A Rural Study – Fielding House by Cheshire Architects

Words by Bronwyn Marshall
Architecture by Cheshire Architects
Photography by Sam Harnett
Interior Design by Cheshire Architects
Landscape Boffa Miskell

Uniquely imagined before it was even assigned either a site or an owner, Cheshire Architects’ Fielding House is a study in rural residency amongst the undulating coastal dunes.

Sited amongst the sand dunes of Te Arai, Fielding House nudges into the side of its gently sloping terrain, anchored and outwardly embracing its expansive coastal views. Taking inspiration from a modernist sensibility in its long spanning approach to form and regular rhythm of large-scale glazing, the home allows for a considered immersion in place. Paving its own non-traditional path from the beginning, the home is the result of extensively studying the area and a grown fascination with how to approach an appropriate dwelling proposition. Describing the approach, Cheshire Architects’ founding principal Pip Cheshire says, “the project started as a sketch and render before we had site or owners. The images illustrated how one might build in the dunes to be as elegant and minimal an enclosure as possible, as an exploration of comfort and luxury.”

“The project started as a sketch and render before we had site or owners. The images illustrated how one might build in the dunes to be as elegant and minimal an enclosure as possible, as an exploration of comfort and luxury.”

Differing from the familiar timber clad coastal ‘bach’ structures seen dotted along the water’s edge throughout New Zealand, from its inception Fielding House was intended to heighten the experience of embracing nature, while respectfully co-existing with it. A notable tension was the focus. Pip explains, “I wanted it to be a clearing in the dunes fitted out to offer comfort and luxury consistent with the expectations of its US owners while being casual enough to offer a little hint of Aotearoa New Zealand’s informality while they were here on holiday at the beachside links.” Ensuring the orientation optimised its siting, he adds. “The house is organised around an open view to the links below and a wide horizon yet seeks to give each room a unique relationship with the seascape, the headland to the south, the offshore islands to the north and the enclosure of the forest to the west.”

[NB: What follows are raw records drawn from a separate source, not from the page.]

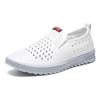 Hollow Mesh Shoes Summer Men's Sandals Hollowed Leather Shoes Soft Leather Cool Leather Shoes Breathable Hole Shoes Middle-aged Dad Men's Shoes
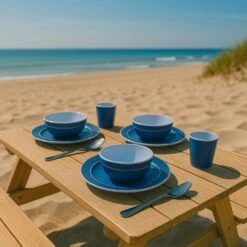 OTIX Serviessets 12 Delig Navara - Blauw -Bestekwinkel ab314a068b064f5d97148aee867064af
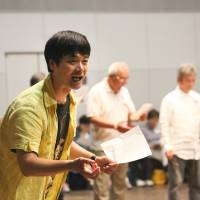 Massive undertaking: Seiji Nozoe directs elderly actors during rehearsals for the play “Gold Symphony, my dream, your dream.” A golden age of theater for Japan's seniors
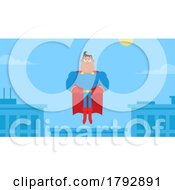 Poster, Art Print Of Cartoon Clipart Super Man Flying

As a further challenge to the way in which architecture engages with its context, the home is founded on a shared openness. “The house is thought of as mediating the transition from the wide openness of the beach and the deep enclosure of the pine forest,” Pip says. “There is no internal stair, and one needs to go outside and see the Southern Cross and smell the sea air to get to the lower-level suite. It’s a big landscape and I wasn’t too worried about minimising the impact of building there as long as we sat comfortably within the land.” As its own pavilion of sorts, a continuous ceiling connects the home in its entirety, with private areas separated by three conical forms that dramatically pierce through the volume, encasing the amenity of bathrooms and kitchen spaces.

“The house is thought of as mediating the transition from the wide openness of the beach and the deep enclosure of the pine forest.”

In its remoteness, the considered nature of the home is one that respects and listens to the conditions. Notably, Fielding House aims to passively engage with its site. In discussing the approach to sustainability, Pip says, “the building can easily be lived in without applying heat or cooling with cross ventilation achieved through banks of glazed louvres, double glazing and heavily insulated roof. The house is warmed by morning sun, sheltered from the greater part of the days heat by a large overhang in the north and the pine forest to the west. It is very efficient in planning ensuring every square metre is earning its keep and well-built of robust materials to ensure its investment of material and labour achieves a long life. The more easterly orientation allowed us to open a lot of glass to the horizon and pick-up morning light without too much heat while using the forest to the west to limit heat gain later in the afternoon.”

Fielding House beautifully combines a considered contemporary refinement with passive and integrated systems to allow a balanced synchronicity with site. From Cheshire Architects’ known empathetic approach, an enduring and open home emerges.